◆ **WORK TO COMPLETE**: Print a faithful copy of the data below, word for word, with the pictures left out.

◆ **DATA BLOCK**:
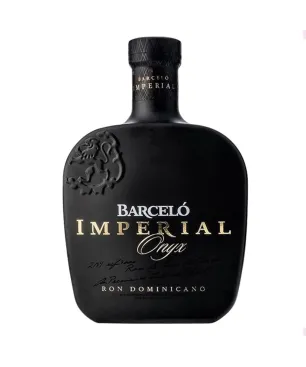 Barcelo Imperial Premium Onyx 70cl.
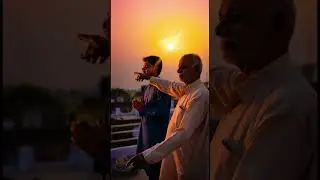 🌷 దేవుడు ఎక్కడో లేడు.. మన కళ్లముందే ఉన్నాడు! సూర్యరశ్మి మీ జీవితాన్ని ఎలా మారుస్తుందో తెలుసా ☀️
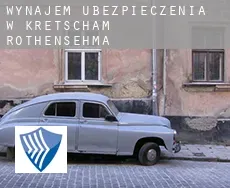 Wynajem ubezpieczenia w  Kretscham Rothensehma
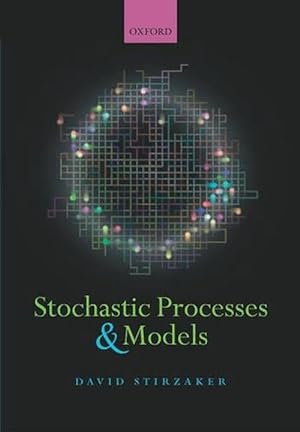 Immagine del venditore per Stochastic Processes and Models (Paperback) venduto da AussieBookSeller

◆ **YOUR SOLUTION**:
 Barcelo Imperial Premium Onyx 70cl.
 🌷 దేవుడు ఎక్కడో లేడు.. మన కళ్లముందే ఉన్నాడు! సూర్యరశ్మి మీ జీవితాన్ని ఎలా మారుస్తుందో తెలుసా ☀️
 Wynajem ubezpieczenia w  Kretscham Rothensehma
 Immagine del venditore per Stochastic Processes and Models (Paperback) venduto da AussieBookSeller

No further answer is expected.